**Exercise details**
All of the data below should be set down again verbatim, without any images.
************
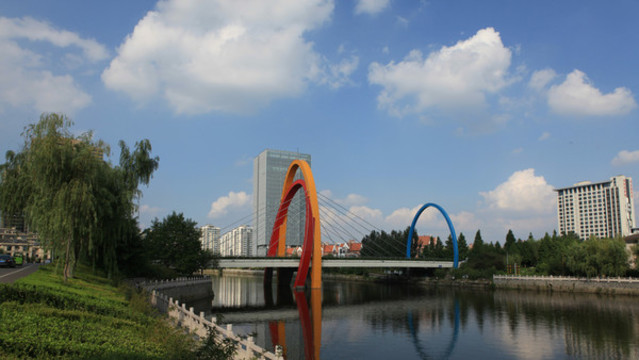 藍(lán)天白云橋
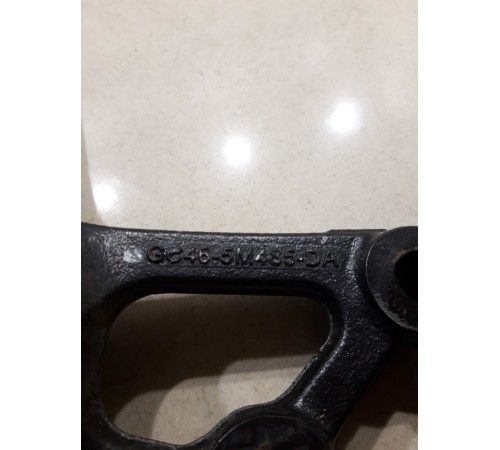 Кронштейн(крепление) тяги стабилизатора к раме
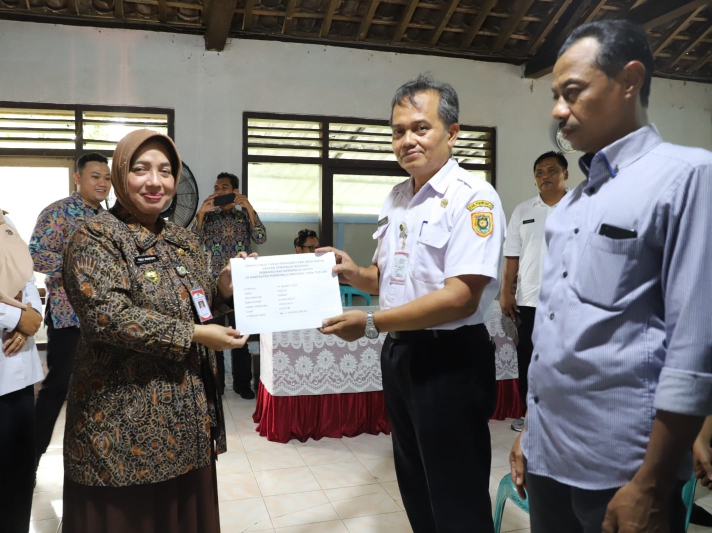 Bupati Purworejo Yuli Hastuti menyerahkan secara simbolis pembayaran ganti rugi tanah pengganti Tanah Kas Desa (TKD) Desa Wadas yang terdampak pembangunan Bendungan Bener.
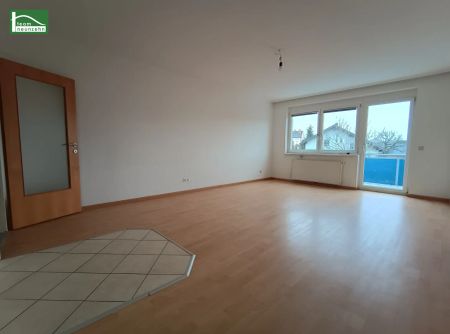 Geförderte 3-Zimmer-Wohnung mit großem Balkon im Dachgeschoss! Unbefristet! - Photo 2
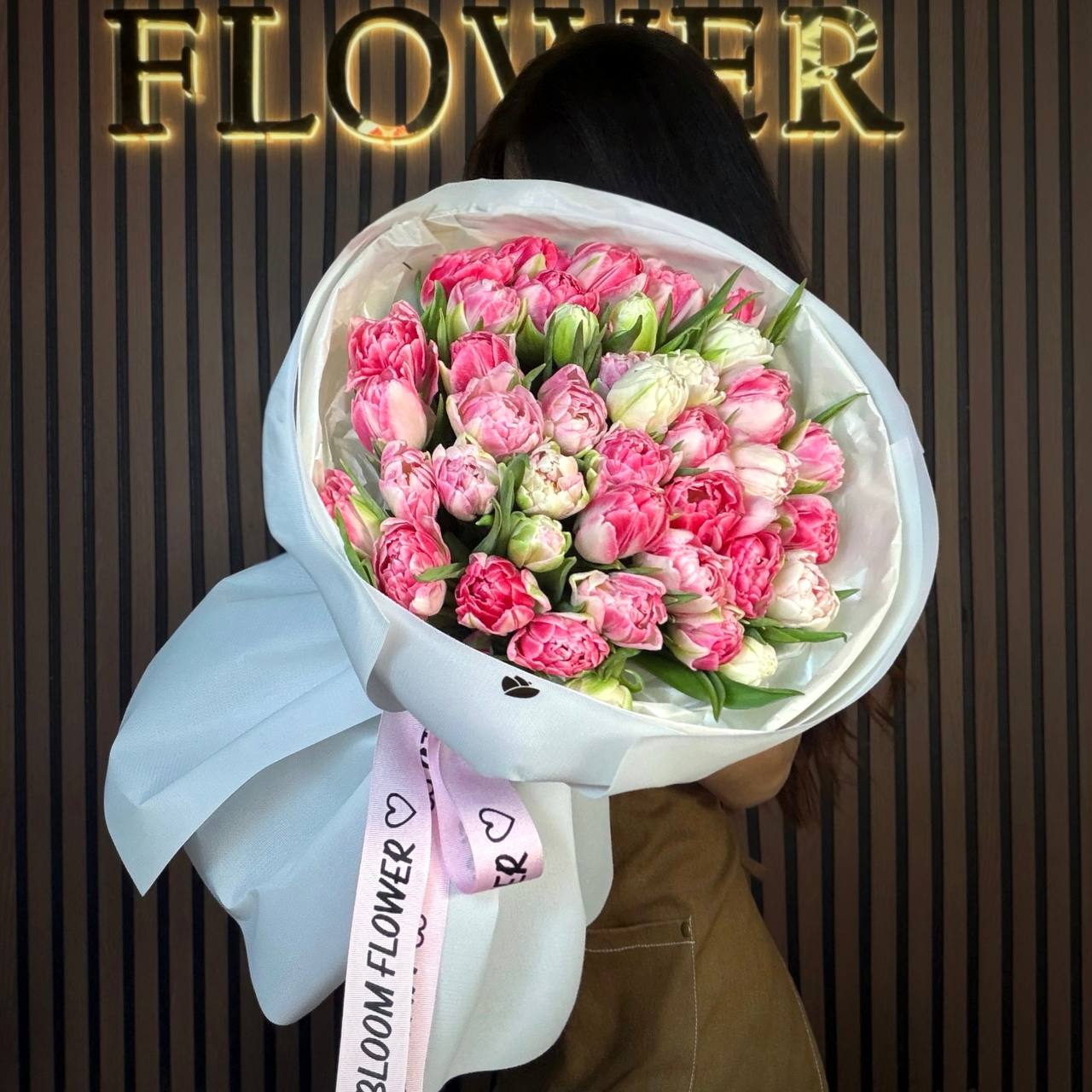 Fox pink tulips bouque Miami Bloom Flower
************
**Exercise solution**
 藍(lán)天白云橋
 Кронштейн(крепление) тяги стабилизатора к раме
 Bupati Purworejo Yuli Hastuti menyerahkan secara simbolis pembayaran ganti rugi tanah pengganti Tanah Kas Desa (TKD) Desa Wadas yang terdampak pembangunan Bendungan Bener.
 Geförderte 3-Zimmer-Wohnung mit großem Balkon im Dachgeschoss! Unbefristet! - Photo 2
 Fox pink tulips bouque Miami Bloom Flower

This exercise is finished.